Operating FoundationDB in an elastic environment

(Daniel Dunbar) #1

Is there any guide or information on how to operate FoundationDB in an elastic environment (or the degree to which this is currently possible)?

The impression I get is that FDB derives its notion of identity from the entries in fdb.cluster, and those entries are expected to be constant across both the cluster and the clients. If FDB is living behind some kind of proxy/service mesh, can the client have a different view of the cluster’s IP/ports than the cluster itself (the answer seems to be no when I try it)?

I realize there are substantially more issues than just this to be concerned about when FDB is running in an environment where nodes are expected to be far more ephemeral than one might want for a database… at this point I’m mostly curious as to whether it is even possible and then how well it can possibly work.

(matthew zeier) #2

At Wavefront we have effectively three Fdb tiers. One is statically defined as a KV store and tends not to grow.

The other two are dynamic and grow/contract based on how we consume telemetry. This is elastic - but not automatically elastic - and we’ve built tooling to support that, primarily Terraform & Ansible.

Hosts are launched via Terraform using pre-built AMIs (via Packer/Ansible). These AMIs are “instance type” based and derive their disk layout and /etc/foundationdb/foundationdb.conf largely as a function of the instance type. An i3.16xlarge vs. an i3.4xlarge will have a different set of ssd/mem processes as a function of the memory/CPU footprint. Disks are likewise built as a function of the instance type (and specifically number of NVMe instance stores) + data volume size.

These AMIs are stateless. Terraform plumbs in instance tags and on instance launch, we have two separate processes that define state and join this new host to the cluster:

  1. @reboot cronjob that runs ansible-pull. Hostnames, telegraf, central logging and volume tagging is done here. This is mostly per-host configurations that we do with Ansible.
  2. An init.d script runs on boot that, among other things, adds this host into Wavefront (for monitoring) and pulls the cluster files (/etc/foundationdb/fdb.cluster) down from S3. We also run a memory version on the same host so the memory cluster file is also pulled down.

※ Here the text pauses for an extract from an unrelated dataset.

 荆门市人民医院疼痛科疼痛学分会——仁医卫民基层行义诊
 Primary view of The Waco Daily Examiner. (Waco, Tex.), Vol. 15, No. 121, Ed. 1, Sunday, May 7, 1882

There are secondary processes that push changes to cluster files (fdb.cluster and, in our case, memory.cluster) back up to S3 so any coordinator changes are more or less automatically kept in sync. This is true for all their Fdb the, including the statistically defined KV store (so we can handle hard instance replacements somewhat automatically).

We actually do a post-launch conformance so while Fdb could start on launch - and used to - the AMIs now have Fdb installed but disabled on boot. The Ansible conformance job does many things but that thing it can do is start foundationdb and enable it on boot.

At our scale, it’s some time disruptive to auto-join on a large cluster. So we will have Terrafrom drop all the new instances, conform and then we can join.)

We contract (or replace all instances with larger/smaller) as SOP. This has been reduced to four Ansible commands that:

  1. Tag all the existing instances with a specific EC2 tag
  2. Using those EC2 tag, re-coordinate and exclude (we do this twice, once for the ssd tier, once for memory)
  3. Disable instance termination protection, stop “old” instances, validate we aren’t hard down (!) and eventually terminate the excludes nodes and issue an “include all” to the cluster.

(Alex Miller) #3

And to answer the one explicit question:

Not really. Particularly for storage servers, their IP address is written into the database, and that’s how the client learns of their existence and how to connect to them. So if a storage server thinks it has one IP address, and the client would need to use a different one to connect, then clients will never be able to connect.

(Daniel Dunbar) #4

Thanks for the details @mrz. Sounds like from this and Alex’s answer that the way to do this requires coordination/automation like you have built to maintain the fdb.cluster and foundationdb.conf files and re-distribute them as the instances change.